WHAT TO WORK ON. Return the lines of the material below exactly, beginning with the line that has "Blusa Verde Transparente de Un Hombro" in it and finishing with the line that has "Denarius of Trajan" in it. Leave all pictures aside.
◇ ◇ ◇
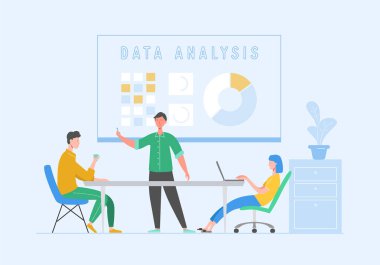 Karakterlerle veri analizi kavramı. İş Toplantısı Ekip Çalışması Konsepti. Laptoplu Kadın ve Erkek. İş Arkadaşları İletişim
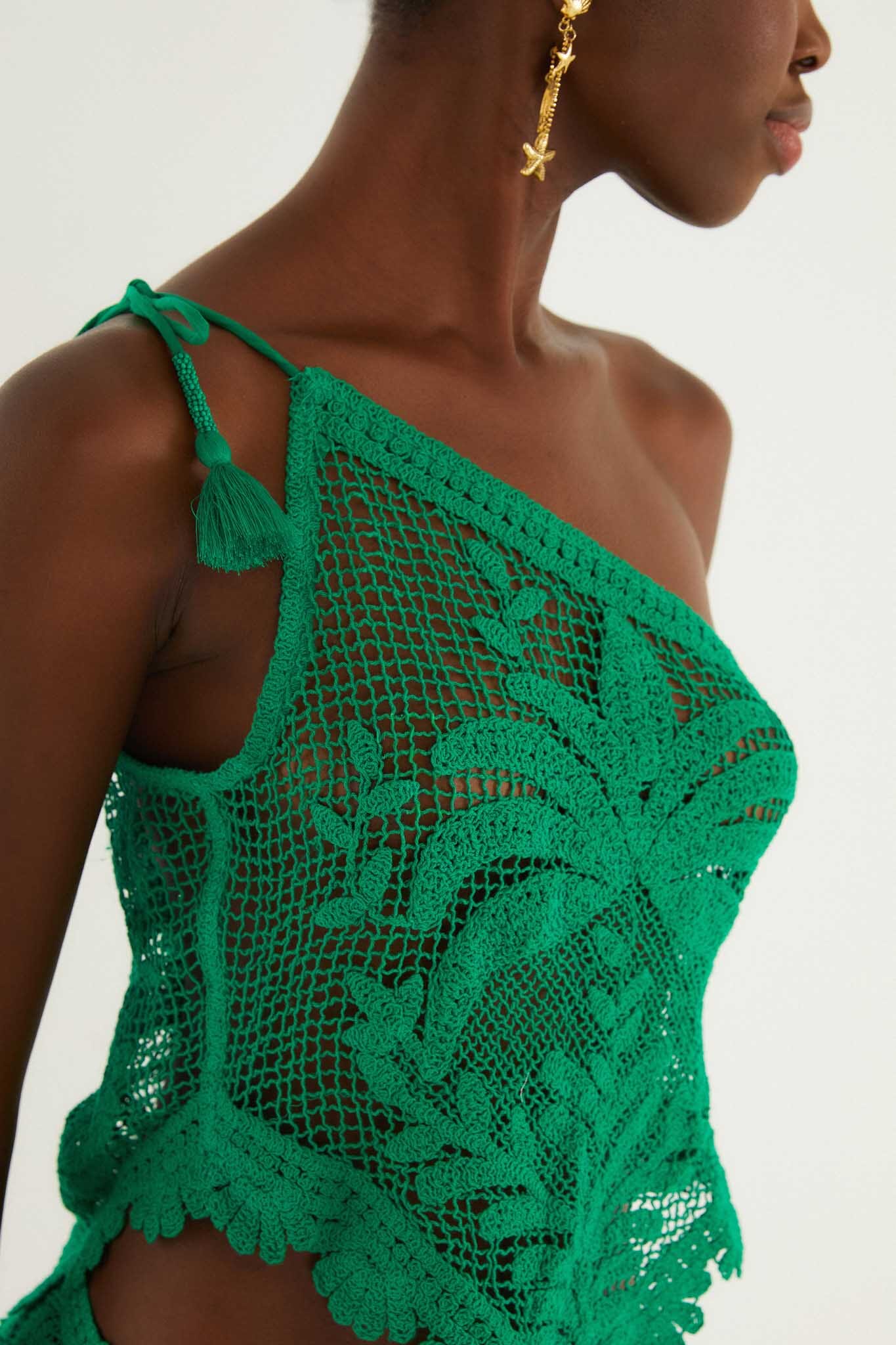 Blusa Verde Transparente de Un Hombro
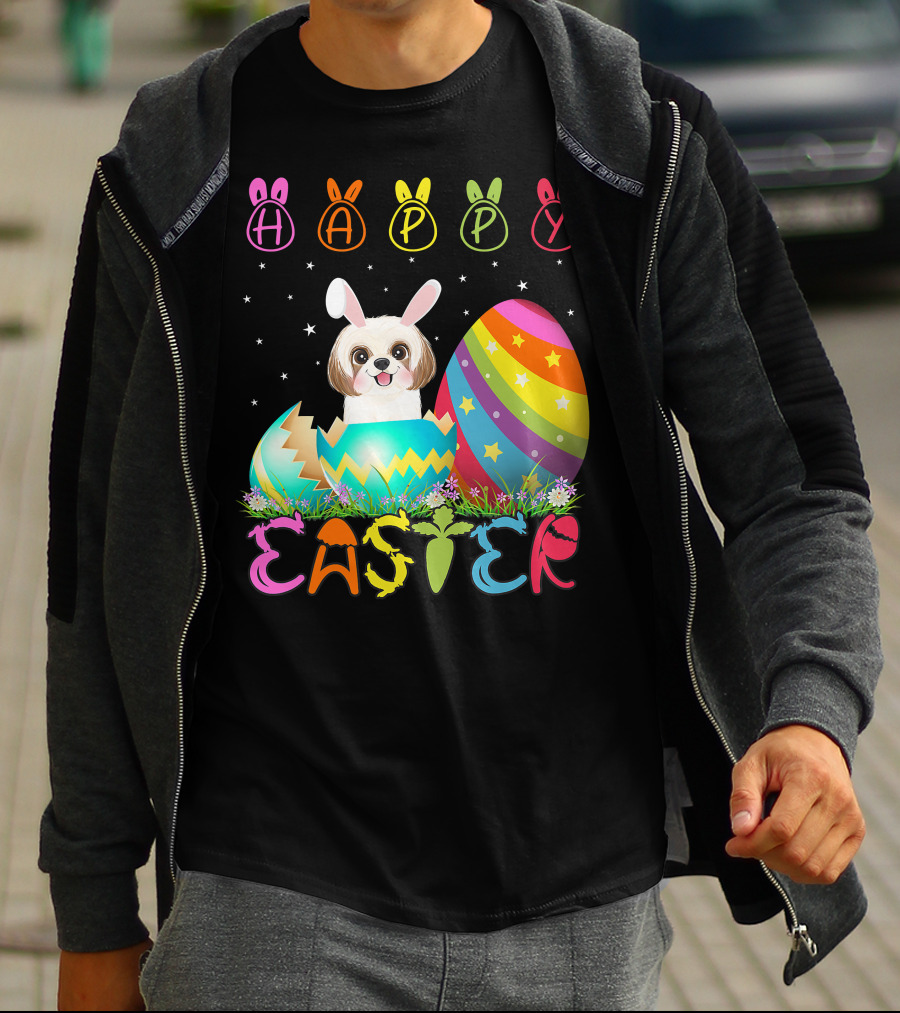 Happy Easter Day Shih Tzu Dog In Colorful Egg Matching T-Shirt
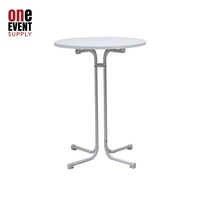 Tables de bar à cocktails rondes pliantes en résine blanche pour événements extérieurs, banquets et mariages, vente en gros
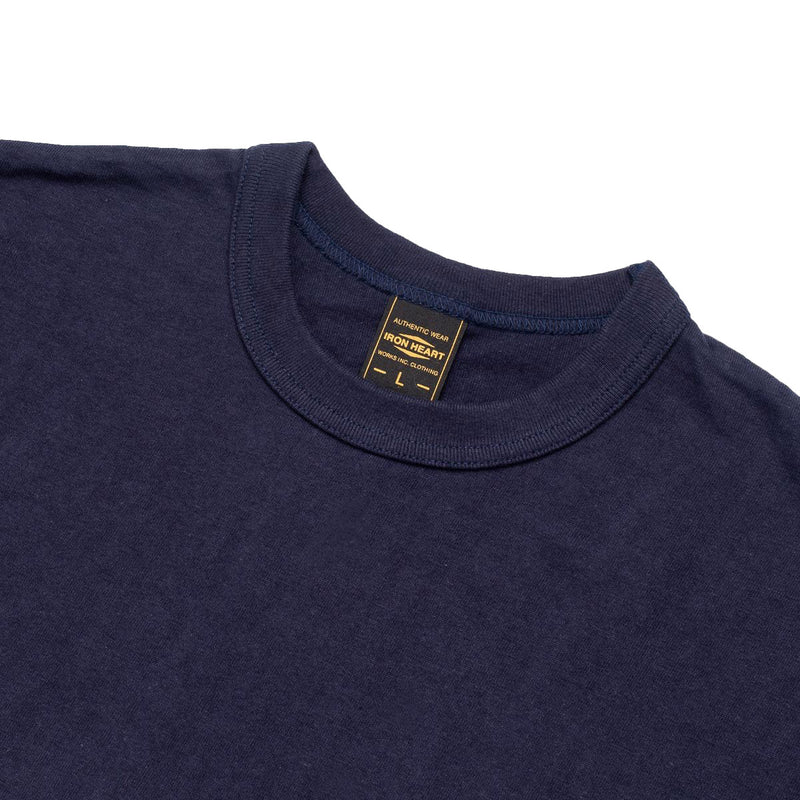 IHT-1610L-NAV - 6.5oz Loopwheel Crew Neck T-Shirt With Longer Body - Navy Collar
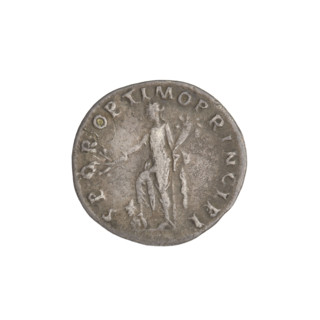Denarius of Trajan (53–117; Roman emperor 98–117). Obverse: head of Trajan facing right,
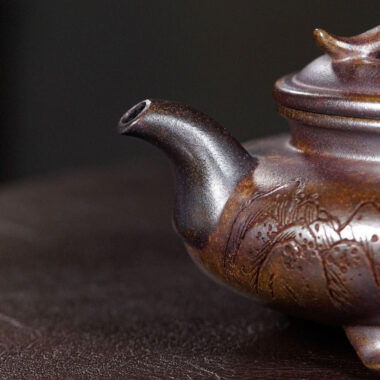 Yixing Zisha Teapot [3 Legs Yun Ding] (Chen Xiang Ni Firewood Fired – 250ml)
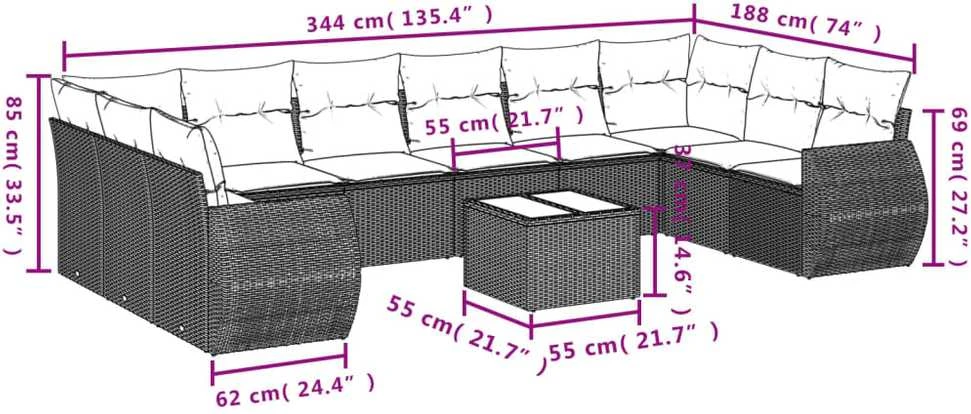 Sofa Sodo komplektas su pagalvėlėmis, 11 dalių, smėlio, poliratanas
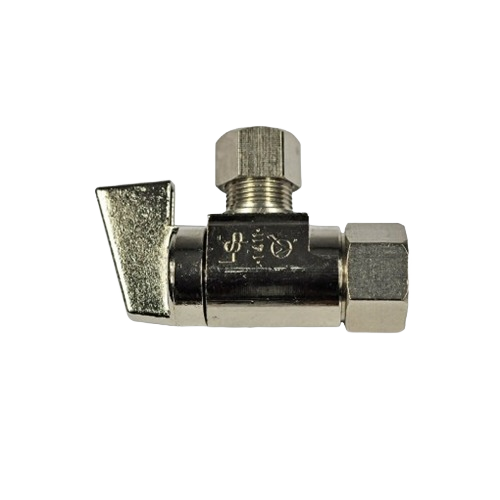 Compact chrome angle valve with compression outlet and female threaded inlet for plumbing under $50 collections
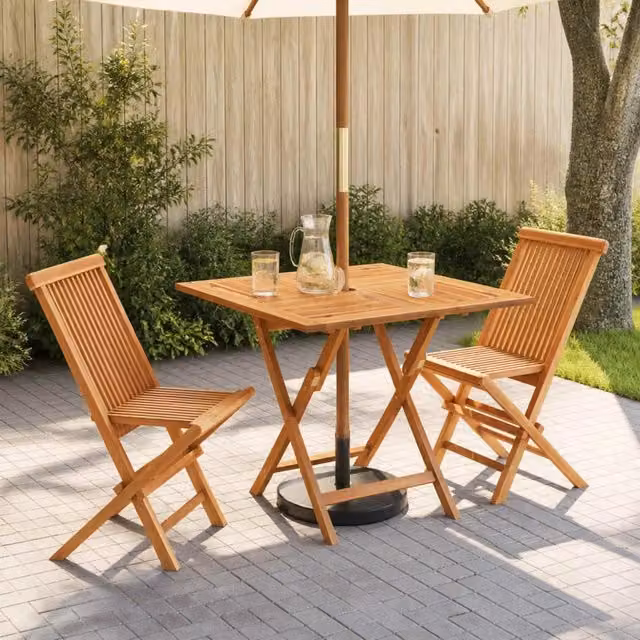 Set Bistro da Giardino Pieghevole 3 Pezzi vidaXL in Legno di Teak Marrone – 1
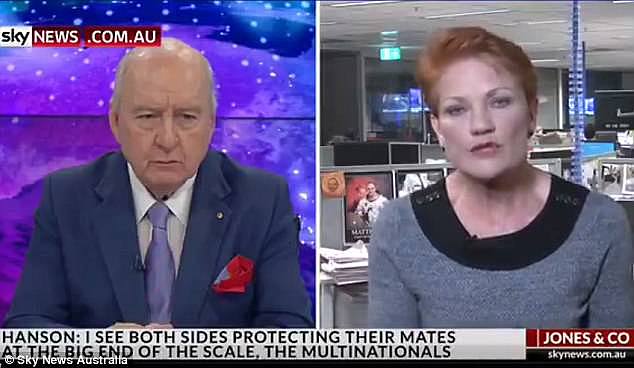 'I don't think she's in a position to say whether Sydney is full or not full, Ms Hanson (pictured, right) told Alan Jones (pictured, left) on Sky News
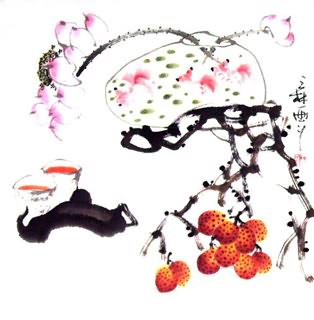 Chinese Qing Gong Painting,50cm x 50cm,2575003-x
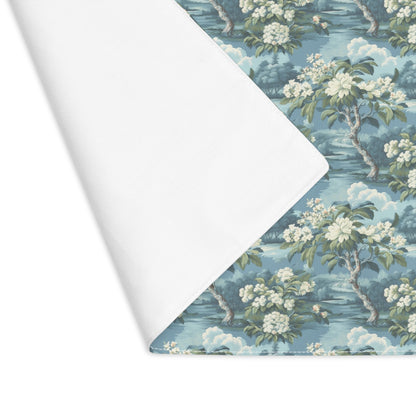 Vintage Floral Blue Botanical Placemat - 18" x 14".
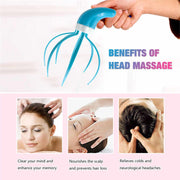 Refreshing head massager tool with comfortable hand grip.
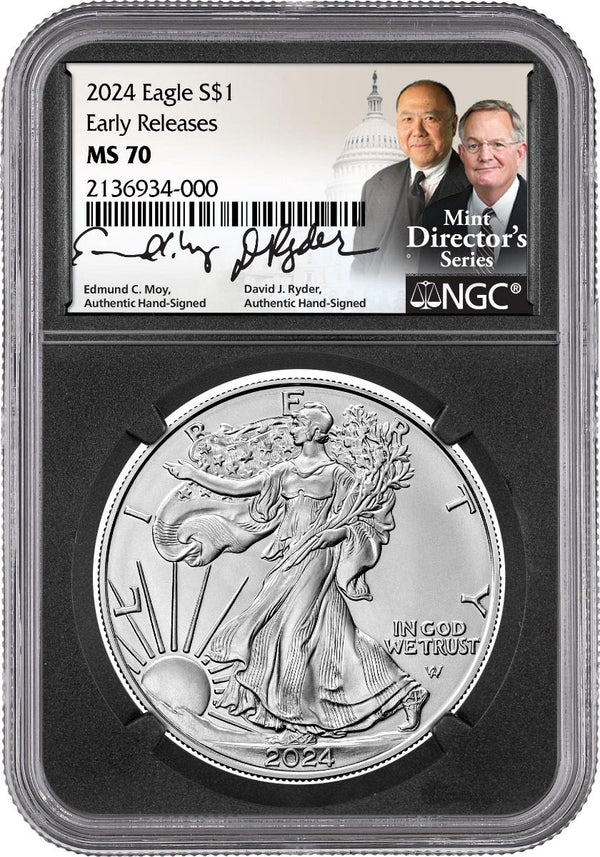 2024 SILVER EAGLE NGC MS70 HAND SIGNED BY U.S. MINT DIRECTORS EDMUND C. MOY & DAVID RYDER - Westminster Mint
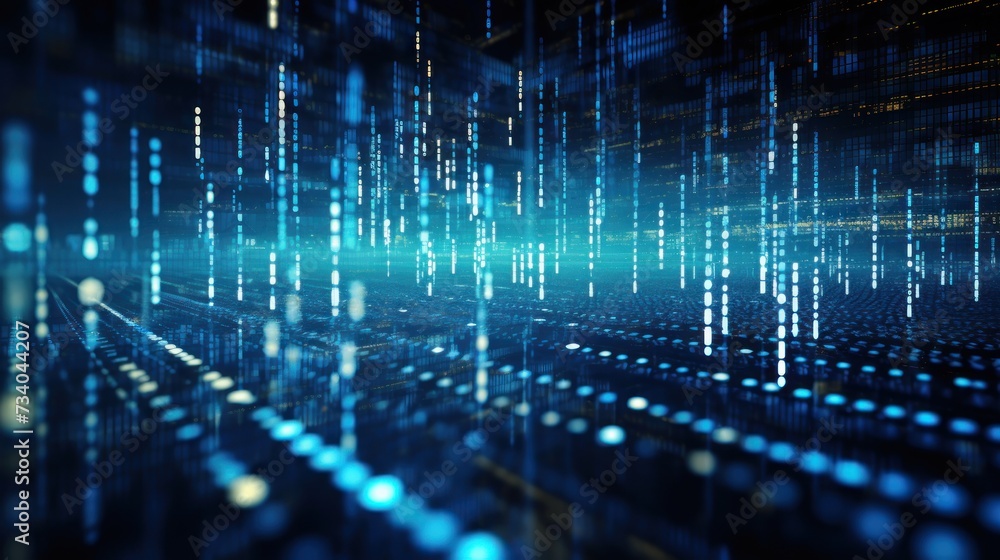 A string of numbers in the digital IT world A string of numbers in the digital IT world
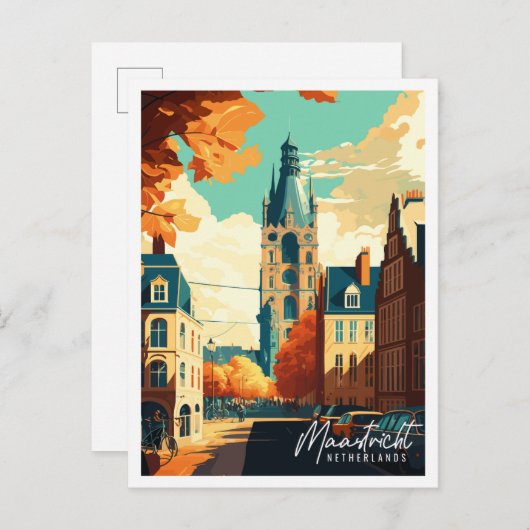 Maastricht Niederlande Vintage Reise Illustration Postkarte (Vorne/Hinten)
◇ ◇ ◇
THE COMPLETED TASK.
 Blusa Verde Transparente de Un Hombro
 Happy Easter Day Shih Tzu Dog In Colorful Egg Matching T-Shirt
 Tables de bar à cocktails rondes pliantes en résine blanche pour événements extérieurs, banquets et mariages, vente en gros
 IHT-1610L-NAV - 6.5oz Loopwheel Crew Neck T-Shirt With Longer Body - Navy Collar
Denarius of Trajan (53–117; Roman emperor 98–117). Obverse: head of Trajan facing right,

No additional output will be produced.